After Q, the lab's engineers truly understood that neutrons are not neutral parties, so now they try to preempt problems. Before Los Alamos installs new equipment, like its Trinity machine, engineers perform a kind of cosmic stress-test, placing the electronics in a beam of neutrons—many more than cascade from the sky at any given time—and watching what happens. “We take parts and make them radioactive and make them crash,” explains Blanchard. They will also soon place neutron detectors inside the supercomputing center, to measure the strength of the storm. If you know how many neutrons you’re getting, and you know how they make computer parts behave, "you can predict the lifetime of your electronics,” says Suzanne Nowicki, a physicist in the lab’s space science and applications group.
Supercomputers are usually smart enough to know if something has gone wrong, to feel that flipped bit like you’d feel someone tugging on a single strand of hair. And when that happens, the system simply usually reports the error and rights itself. But sometimes, says Blanchard, the computer is more pessimistic. “I have an error.

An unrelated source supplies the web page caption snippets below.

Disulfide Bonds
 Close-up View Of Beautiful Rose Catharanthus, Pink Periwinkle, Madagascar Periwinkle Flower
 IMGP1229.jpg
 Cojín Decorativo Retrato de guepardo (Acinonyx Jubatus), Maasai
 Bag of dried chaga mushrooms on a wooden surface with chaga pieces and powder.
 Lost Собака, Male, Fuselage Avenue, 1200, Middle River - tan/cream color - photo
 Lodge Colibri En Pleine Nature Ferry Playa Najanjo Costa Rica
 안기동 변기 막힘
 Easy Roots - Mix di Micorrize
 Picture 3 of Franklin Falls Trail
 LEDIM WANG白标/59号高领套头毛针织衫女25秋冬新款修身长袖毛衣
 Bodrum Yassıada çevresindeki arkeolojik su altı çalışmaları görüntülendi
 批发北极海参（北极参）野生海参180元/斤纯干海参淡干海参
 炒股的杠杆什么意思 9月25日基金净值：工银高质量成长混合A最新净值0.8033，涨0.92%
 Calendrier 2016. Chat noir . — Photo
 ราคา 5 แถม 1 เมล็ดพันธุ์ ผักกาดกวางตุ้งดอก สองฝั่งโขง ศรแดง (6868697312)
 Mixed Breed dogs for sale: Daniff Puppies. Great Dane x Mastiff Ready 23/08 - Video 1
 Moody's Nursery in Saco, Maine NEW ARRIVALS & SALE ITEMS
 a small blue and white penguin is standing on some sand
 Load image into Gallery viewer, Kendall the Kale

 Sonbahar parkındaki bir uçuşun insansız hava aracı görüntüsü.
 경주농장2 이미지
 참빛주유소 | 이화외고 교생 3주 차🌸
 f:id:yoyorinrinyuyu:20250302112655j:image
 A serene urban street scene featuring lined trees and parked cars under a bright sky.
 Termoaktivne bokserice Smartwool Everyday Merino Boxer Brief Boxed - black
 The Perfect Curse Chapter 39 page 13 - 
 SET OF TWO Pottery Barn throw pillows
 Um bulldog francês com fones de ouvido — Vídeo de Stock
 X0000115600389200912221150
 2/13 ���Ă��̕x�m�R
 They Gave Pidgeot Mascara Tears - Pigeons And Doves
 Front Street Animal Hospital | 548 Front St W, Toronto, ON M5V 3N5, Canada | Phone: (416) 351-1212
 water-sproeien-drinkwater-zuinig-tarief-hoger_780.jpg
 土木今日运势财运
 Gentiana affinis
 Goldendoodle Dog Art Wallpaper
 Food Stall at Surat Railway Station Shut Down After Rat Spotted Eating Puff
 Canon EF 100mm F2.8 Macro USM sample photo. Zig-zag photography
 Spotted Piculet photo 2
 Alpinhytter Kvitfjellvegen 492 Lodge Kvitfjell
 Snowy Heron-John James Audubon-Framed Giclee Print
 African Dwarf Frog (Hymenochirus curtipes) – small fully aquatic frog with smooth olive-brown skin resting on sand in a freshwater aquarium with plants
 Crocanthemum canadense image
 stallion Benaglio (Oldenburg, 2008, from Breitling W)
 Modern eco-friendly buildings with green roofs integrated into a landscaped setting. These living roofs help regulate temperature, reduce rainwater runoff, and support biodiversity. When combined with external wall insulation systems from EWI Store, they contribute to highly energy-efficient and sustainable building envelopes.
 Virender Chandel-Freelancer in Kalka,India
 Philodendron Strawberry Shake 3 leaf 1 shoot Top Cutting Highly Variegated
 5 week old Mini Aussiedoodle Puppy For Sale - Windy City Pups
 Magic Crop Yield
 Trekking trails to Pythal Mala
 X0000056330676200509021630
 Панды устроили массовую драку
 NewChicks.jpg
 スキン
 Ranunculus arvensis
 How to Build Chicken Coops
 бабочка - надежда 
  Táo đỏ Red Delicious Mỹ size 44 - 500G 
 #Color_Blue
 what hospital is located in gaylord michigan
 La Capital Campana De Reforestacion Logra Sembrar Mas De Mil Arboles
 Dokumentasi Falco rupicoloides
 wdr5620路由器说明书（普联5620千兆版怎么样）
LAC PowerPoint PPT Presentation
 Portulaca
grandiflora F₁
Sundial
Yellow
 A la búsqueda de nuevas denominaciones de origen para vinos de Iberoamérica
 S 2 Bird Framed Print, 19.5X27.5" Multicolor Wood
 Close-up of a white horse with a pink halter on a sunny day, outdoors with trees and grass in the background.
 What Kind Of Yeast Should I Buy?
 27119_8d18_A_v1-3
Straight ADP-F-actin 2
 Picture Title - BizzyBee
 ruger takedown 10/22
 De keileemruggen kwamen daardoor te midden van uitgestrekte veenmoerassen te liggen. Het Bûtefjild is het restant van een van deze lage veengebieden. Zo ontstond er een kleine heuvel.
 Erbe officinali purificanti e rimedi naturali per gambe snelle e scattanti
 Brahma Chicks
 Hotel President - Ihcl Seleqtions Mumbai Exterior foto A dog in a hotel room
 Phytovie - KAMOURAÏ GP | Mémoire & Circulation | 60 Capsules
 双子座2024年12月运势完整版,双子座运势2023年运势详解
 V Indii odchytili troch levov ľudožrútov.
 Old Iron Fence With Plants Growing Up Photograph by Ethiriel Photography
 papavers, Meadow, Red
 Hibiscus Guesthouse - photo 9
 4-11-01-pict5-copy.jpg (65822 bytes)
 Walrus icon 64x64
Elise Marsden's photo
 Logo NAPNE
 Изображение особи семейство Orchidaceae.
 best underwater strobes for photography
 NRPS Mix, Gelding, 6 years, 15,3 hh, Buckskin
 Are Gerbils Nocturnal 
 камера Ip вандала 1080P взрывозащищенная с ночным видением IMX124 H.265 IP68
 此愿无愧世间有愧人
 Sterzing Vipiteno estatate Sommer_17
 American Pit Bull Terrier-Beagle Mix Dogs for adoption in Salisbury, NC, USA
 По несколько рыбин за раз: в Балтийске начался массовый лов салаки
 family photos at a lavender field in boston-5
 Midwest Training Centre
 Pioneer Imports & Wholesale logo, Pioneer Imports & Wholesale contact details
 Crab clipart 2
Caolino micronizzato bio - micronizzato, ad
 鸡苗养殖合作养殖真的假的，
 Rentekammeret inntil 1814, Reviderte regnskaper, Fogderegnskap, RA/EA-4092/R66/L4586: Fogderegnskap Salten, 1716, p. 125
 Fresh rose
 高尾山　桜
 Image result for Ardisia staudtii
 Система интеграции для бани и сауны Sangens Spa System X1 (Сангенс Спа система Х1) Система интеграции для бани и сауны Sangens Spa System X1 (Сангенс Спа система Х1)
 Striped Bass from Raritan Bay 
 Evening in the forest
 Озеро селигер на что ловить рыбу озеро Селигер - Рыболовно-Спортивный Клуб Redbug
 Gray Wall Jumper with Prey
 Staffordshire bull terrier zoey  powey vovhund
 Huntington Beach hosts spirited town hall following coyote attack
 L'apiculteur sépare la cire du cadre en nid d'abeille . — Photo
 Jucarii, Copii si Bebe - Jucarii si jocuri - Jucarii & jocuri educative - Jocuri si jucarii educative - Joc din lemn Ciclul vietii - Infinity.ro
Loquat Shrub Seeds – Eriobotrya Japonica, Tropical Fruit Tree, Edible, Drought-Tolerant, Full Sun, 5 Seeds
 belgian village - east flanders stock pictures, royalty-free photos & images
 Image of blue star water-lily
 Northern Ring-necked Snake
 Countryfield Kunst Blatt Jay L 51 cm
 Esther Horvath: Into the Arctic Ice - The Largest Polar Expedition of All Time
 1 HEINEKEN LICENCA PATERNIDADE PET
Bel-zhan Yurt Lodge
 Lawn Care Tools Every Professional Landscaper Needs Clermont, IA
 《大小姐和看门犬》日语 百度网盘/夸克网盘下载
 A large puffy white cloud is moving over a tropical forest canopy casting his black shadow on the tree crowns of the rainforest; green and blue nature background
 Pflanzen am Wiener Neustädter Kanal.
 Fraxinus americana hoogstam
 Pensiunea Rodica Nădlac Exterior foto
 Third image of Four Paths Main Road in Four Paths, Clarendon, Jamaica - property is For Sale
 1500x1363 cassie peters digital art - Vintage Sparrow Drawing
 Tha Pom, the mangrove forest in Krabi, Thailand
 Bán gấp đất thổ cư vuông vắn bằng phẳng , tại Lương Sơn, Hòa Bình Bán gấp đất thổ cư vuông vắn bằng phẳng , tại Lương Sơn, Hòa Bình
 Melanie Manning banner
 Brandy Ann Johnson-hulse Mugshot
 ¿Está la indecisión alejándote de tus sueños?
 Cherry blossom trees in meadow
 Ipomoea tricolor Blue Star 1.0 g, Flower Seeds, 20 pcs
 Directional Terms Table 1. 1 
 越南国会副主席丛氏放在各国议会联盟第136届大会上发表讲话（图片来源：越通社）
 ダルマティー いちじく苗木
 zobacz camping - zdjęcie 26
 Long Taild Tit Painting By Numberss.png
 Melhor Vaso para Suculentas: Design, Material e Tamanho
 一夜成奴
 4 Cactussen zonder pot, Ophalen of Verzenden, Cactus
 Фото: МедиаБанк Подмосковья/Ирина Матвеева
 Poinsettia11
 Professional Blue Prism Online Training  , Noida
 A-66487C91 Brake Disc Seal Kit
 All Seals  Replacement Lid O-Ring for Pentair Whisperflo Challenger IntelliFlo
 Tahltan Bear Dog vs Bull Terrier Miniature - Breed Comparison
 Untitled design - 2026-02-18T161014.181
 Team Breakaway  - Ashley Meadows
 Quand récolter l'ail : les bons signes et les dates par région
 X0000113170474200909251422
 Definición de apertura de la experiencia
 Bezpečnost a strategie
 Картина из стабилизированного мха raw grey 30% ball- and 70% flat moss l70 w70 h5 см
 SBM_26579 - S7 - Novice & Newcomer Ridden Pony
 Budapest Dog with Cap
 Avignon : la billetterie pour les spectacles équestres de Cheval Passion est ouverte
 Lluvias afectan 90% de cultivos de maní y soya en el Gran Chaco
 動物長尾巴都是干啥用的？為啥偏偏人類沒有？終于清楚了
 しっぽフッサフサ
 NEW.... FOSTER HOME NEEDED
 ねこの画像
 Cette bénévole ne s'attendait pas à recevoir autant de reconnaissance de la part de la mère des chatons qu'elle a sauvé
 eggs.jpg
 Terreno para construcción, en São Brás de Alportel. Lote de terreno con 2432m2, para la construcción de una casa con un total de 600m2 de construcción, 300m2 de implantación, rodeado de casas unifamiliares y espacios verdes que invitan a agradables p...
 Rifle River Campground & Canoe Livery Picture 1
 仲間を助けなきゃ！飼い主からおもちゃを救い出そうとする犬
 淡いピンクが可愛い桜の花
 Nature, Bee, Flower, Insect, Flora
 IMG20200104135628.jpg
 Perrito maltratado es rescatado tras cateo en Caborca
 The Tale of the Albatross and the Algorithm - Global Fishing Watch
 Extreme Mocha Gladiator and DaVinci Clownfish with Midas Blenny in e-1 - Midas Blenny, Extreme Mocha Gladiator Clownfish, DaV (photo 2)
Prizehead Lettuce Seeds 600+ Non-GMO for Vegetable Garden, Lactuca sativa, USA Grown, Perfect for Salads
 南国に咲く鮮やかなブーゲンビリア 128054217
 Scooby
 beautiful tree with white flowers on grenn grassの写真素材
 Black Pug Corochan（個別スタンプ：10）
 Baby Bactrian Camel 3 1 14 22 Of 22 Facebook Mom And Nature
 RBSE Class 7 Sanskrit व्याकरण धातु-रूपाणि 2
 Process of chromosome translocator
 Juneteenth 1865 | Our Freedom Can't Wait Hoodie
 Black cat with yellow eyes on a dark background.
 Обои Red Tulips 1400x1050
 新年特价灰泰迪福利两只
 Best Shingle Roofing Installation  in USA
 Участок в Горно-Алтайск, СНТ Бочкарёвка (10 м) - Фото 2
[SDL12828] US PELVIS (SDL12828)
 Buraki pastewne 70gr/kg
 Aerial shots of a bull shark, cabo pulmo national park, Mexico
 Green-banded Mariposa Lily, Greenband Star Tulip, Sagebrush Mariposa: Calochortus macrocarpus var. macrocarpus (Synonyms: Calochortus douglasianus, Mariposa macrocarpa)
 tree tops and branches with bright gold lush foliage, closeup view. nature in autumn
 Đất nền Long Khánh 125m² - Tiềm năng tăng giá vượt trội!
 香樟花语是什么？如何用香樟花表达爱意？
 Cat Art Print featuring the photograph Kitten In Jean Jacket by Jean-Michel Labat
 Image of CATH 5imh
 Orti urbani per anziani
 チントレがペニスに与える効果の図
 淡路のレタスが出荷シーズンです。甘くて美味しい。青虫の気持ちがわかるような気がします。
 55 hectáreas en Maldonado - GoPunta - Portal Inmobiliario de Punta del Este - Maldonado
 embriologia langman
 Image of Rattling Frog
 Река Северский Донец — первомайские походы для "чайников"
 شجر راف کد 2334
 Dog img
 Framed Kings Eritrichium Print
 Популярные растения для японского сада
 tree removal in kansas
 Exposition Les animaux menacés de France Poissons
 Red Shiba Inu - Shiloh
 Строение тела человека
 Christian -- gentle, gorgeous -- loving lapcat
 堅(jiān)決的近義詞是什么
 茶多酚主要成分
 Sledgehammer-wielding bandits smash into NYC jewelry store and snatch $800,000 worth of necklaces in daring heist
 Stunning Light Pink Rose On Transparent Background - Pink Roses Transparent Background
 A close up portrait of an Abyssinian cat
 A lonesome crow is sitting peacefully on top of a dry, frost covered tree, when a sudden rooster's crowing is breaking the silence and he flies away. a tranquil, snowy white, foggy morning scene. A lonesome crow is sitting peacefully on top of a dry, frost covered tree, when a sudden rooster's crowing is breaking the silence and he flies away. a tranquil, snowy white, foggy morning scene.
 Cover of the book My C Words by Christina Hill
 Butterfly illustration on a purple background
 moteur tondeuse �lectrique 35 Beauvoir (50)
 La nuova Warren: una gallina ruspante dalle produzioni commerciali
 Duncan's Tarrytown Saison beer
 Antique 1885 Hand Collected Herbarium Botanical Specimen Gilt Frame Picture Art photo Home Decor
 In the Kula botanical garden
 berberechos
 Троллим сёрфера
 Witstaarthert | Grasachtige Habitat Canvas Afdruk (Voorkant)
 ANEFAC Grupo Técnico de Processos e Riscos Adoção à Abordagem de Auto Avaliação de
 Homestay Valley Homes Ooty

Too many bits flipped,” he mimics. “I can’t fix it, but I wanted you to know it happened.”
When that occurs at Los Alamos, they crash the computers—intentionally. It's like falling down on purpose when you're skiing, because that will hurt less than whatever else is about to happen. But you don't have to walk back to the top of the slope and start all over again: The engineers have created "checkpoints" throughout the quest to answers. It's like the save-spots in video games: If you die, you don't have to start all over. You start at the last spot you cached your achievements. Supercomputers can do the same kind of save.
The real problem, though, is “silent data corruption.” That's when the bits flip, and no one notices. The answer that you think is right may actually be a neutron-induced dream. That's why the preemptive work is so important: They know what to expect, how often, and can keep an eye out for it. At the same time, with that knowledge, the team hopes to turn what could have been silent errors into screaming errors. But if something does slip through, it's possible the flesh will catch it. Usually, Los Alamos doesn't say, "Here's your answer!" until an actual human checks out the results to see if they make sense.
That personal intervention happens partly because Los Alamos does crucial research on topics that affect many other persons. “The laboratory—the Department of Energy in general—studies climate change, new drugs, epidemiology, the spreading of diseases, wildfire modeling, all kinds of disease modeling, materials science, fragility of new metals,” explains Blanchard. And, as Blanchard adds after this list, the reason Los Alamos exists is because humans (some here, actually, at this lab) created nuclear weapons. “We’re a nuclear weapons lab,” Blanchard says. “Our job is stockpile stewardship. Our job is to make sure it’s secure and works as designed and doesn’t work when it isn’t supposed to.”
Because of nuclear test bans, the only legit way to stop worrying and learn to steward the bomb supply is to simulate—on a supercomputer—what’s going on inside. And so this place that concerns itself with radiation on Earth also must concern itself with radiation from space. Because whatever work supercomputers do in the future, one thing is certain: “They’re a bigger target every year,” says Blanchard.